We crossed a couple of small bridges that spanned ditches that in rainy times would hold water and then we came to the Floating Bridge. This is a bit of a novelty as it moved up and down as we walked across. It really is a floating bridge and is built to rise and fall with the level of the water in the lake. It even has small, for want of a better word, alcoves with benches installed for people to sit and admire the view.

We continued walking and came to yet another bridge with signs that indicated we were 1.5 miles from our starting point or 3.0 miles from the South Shore entrance. We were still about 1.5 miles from where we hiked the other time out and as the weather was getting quite miserable with the rain and wind, we decided that we had walked far enough for one day and did a smart about face walking back the way we had come.

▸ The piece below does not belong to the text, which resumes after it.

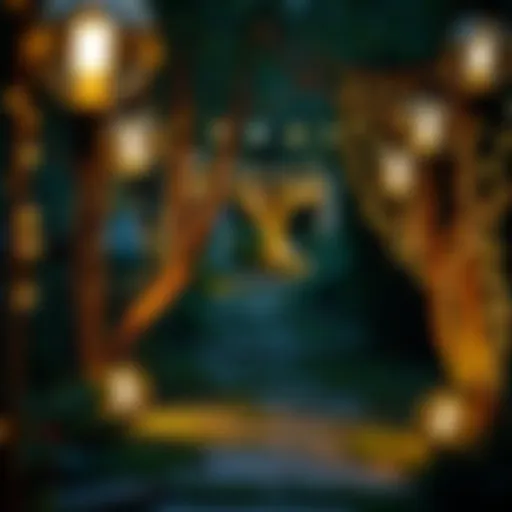 Illuminated Garden Pathway Elegant decorative outdoor bulbs illuminating a garden pathway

We ended up in the parking lot with the truck immediately in front of us and we were still the only people in view with the exception of one of the park employees who was busy emptying the trash bins. The season must really be over but in all fairness, it was a weekday… Altogether, we covered 4.5 miles of very enjoyable hiking rain and all. I plan on going back to hike the bit we missed to complete the entire trail.

Written 10/19/2019

Lake Bastrop South 10-3-2019


The beauty of nature

My very good friend BJ came up with a new place for us to walk within her hometown of Bastrop. This time, it was another LCRA Park and is named Lake Bastrop South as there is also a Lake Bastrop North which, depending on what we thought of this hike, will be our next one.

In actuality, there is just one long trail of about 4.5 miles that connects the North and South locations of this lake and as we parked in the closest one, decided the we would walk about halfway leaving the other half for another time and from the opposite end, the North location.

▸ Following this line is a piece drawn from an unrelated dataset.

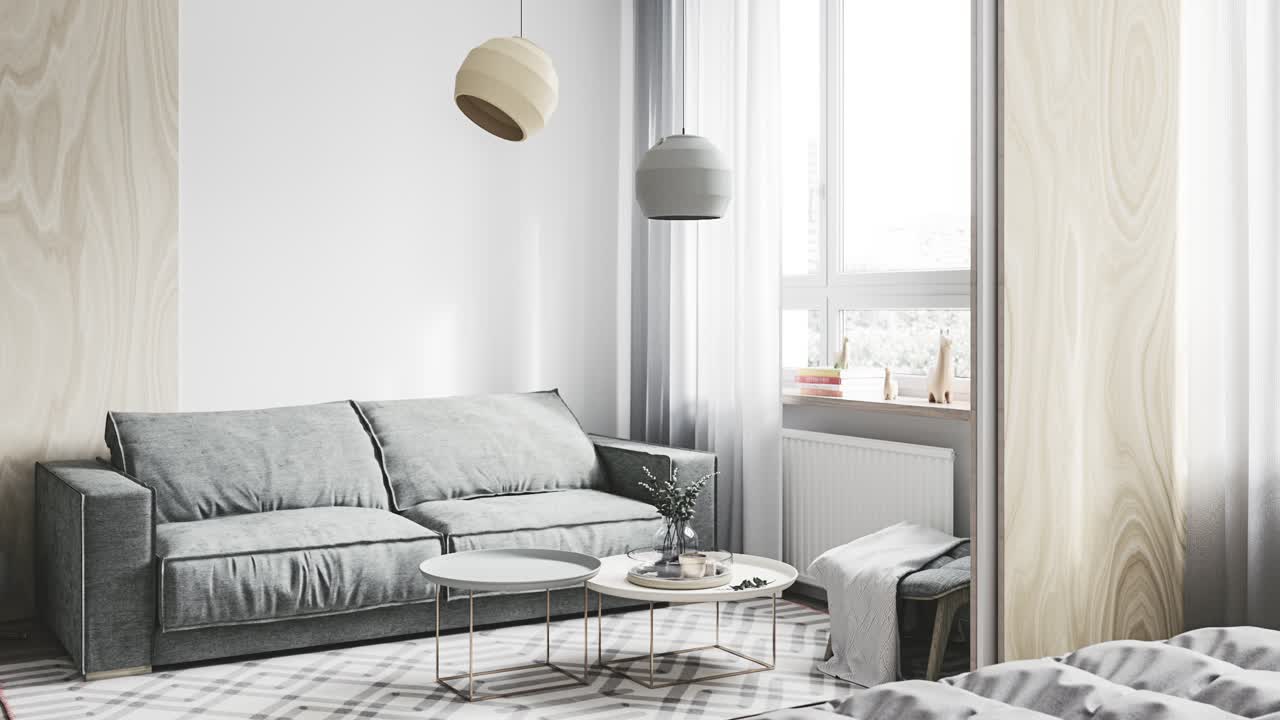 Design d'interni di un soggiorno in stile scandinavo con mobili sui toni del grigio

There was no one else around that we could see as the parking areas were empty of any cars and people. We parked right next to the trailhead and after our usual preparations started along the trail. Turns out that this is a great trail to walk with only a few hills and very easy going with mostly sand underfoot. It has a lot of shade of Oak trees intermixed with the Pines. In some places, we walked on a carpet of pine needles making for a very pleasant odor as we moved them around.

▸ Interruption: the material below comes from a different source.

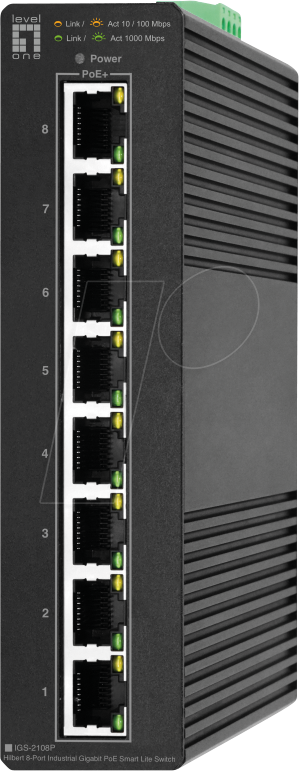 LEVELONE IG2108P - Switch, 8-Port, Gigabit Ethernet, PoE+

There are several bridges along this trail all having there own names. The ones that we crossed were named Twin Bridges and yes, there are two bridges side by side, Big Oak Bridge although we could not decide which was the Big Oak and Thrill Creek Bridge which was as far as we went for this hike. None of them had any water flowing in the gullies beneath the bridges as we have not had any real rain in almost 3 months. This started a conversation about the Grand Canyon and how deep it was so out came BJ’s cell phone and she discovered that it was almost 6000 feet deep at its deepest point. That is a little over a mile. Absolutely amazing when you stop to consider that most of that depth is caused by the erosion of the soil by the Colorado River over millions of years. Nature sure is a wonderful thing. Pity that mankind is doing its very best to make sure there is no tomorrow for this wonderful and amazing planet.

We turned back and retraced out footsteps for the return journey having solved most of the worlds problems in about a two hour time span. We got back to the parking lot and this time, there were three Bluebonnet Electric trucks parked in the lot. Whether they were on lunch break or official business, it was completed when we walked up as they all drove off. I didn’t realize it until I went in the Men’s room to change but they are set up for the campers to shower which I could have done had I been so inclined. Maybe next time now that I know.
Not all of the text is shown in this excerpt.